In tale contesto occorre anche brevemente riflettere sulla peculiarità trentina del
referente delle iniziative interculturali ex Regolamento stranieri 2008, emanato ai sensi
della Lp 5/06, art. 75. La figura deve essere correttamente percepita non come
strumento di delega deresponsabilizzante per gli altri docenti rispetto alla
interculturalità: se è corretto ipotizzare che il referente coordini, monitori, raccordi le
iniziative all’interno della scuola – e in connessione con il territorio – è altrettanto cruciale
che egli diffonda – col supporto dei colleghi – un nuovo paradigma dell’interculturalità
agita all’interno dei consigli di classe. Tale nuovo modello dovrebbe superare la stagione
della ricerca di ciò che differenzia come marca distintiva tra i popoli – paradigma in voga
un decennio fa all’insegna della celebrazione, in feste dei popoli o in momenti rituali
collettivi, delle peculiarità dei culti religiosi, delle diverse modalità di alimentazione, della
differente interpretazione dei ruoli di genere etc. Tali occasioni, mentre sembrano
conferire pari dignità alle culture altre in momenti di eccezionalità, determinano poi
l’effetto di mettere da parte quelle differenze nella quotidianità, in una pretesa di
integrazione forzata e rimozione dell’alterità.

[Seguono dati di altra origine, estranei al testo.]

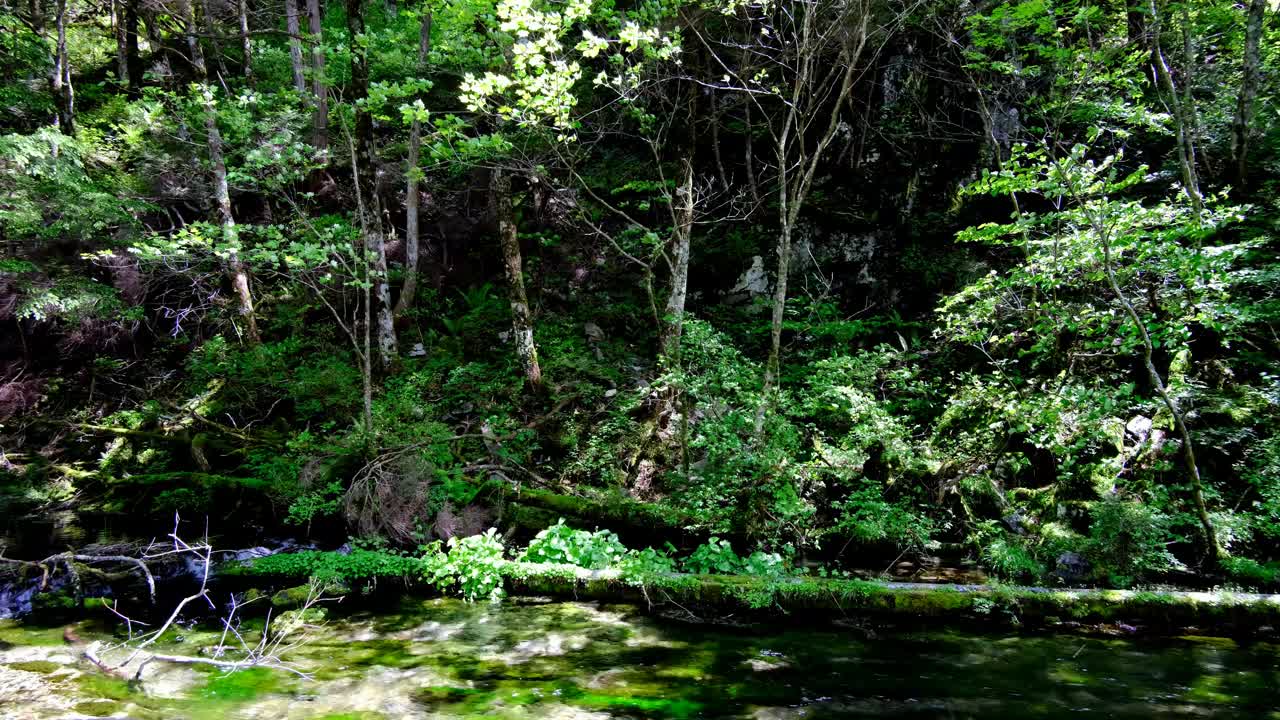 清水清流和天然山葵，清新的绿色森林，上高知县，六月初，有声音视频下载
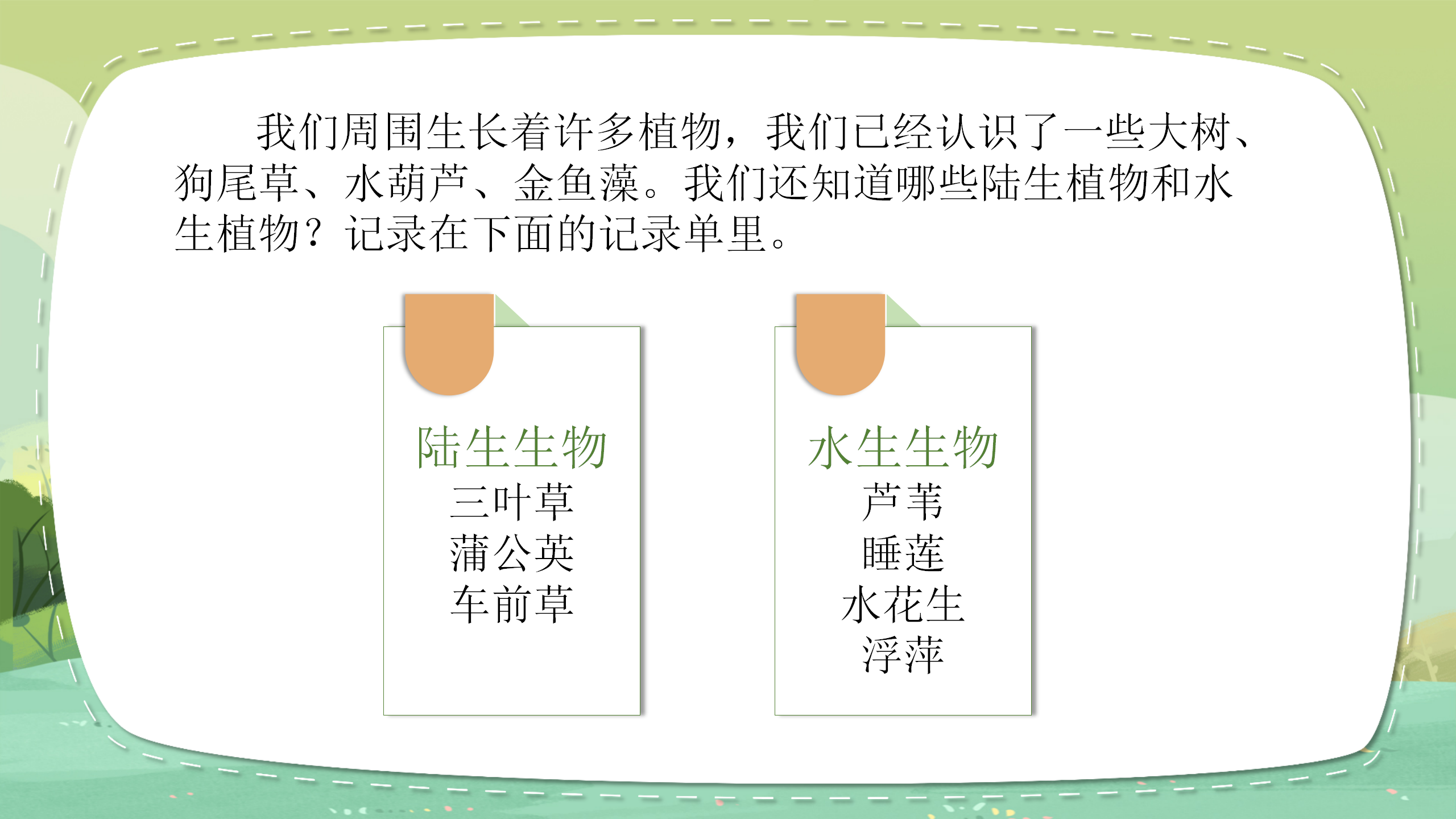 科学《植物有哪些相同点》ppt课件PPT课件下载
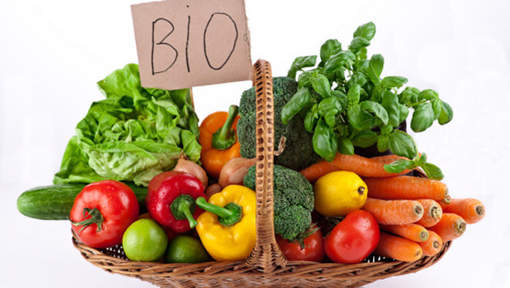 Pourquoi Manger Bio Interview Pourquoi Manger Bio Interview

Piuttosto occorrerebbe sottolineare
l’esistenza di diritti universali della persona umana, nella irriducibile differenza dei
paradigmi di popoli e culture storicamente determinate, di quei valori che segnano
l’identità terrestre (Morin) o, più specificamente per l’Europa mediterranea, l’infinita e
ciclica declinazione dell’uno e del molteplice che la connota.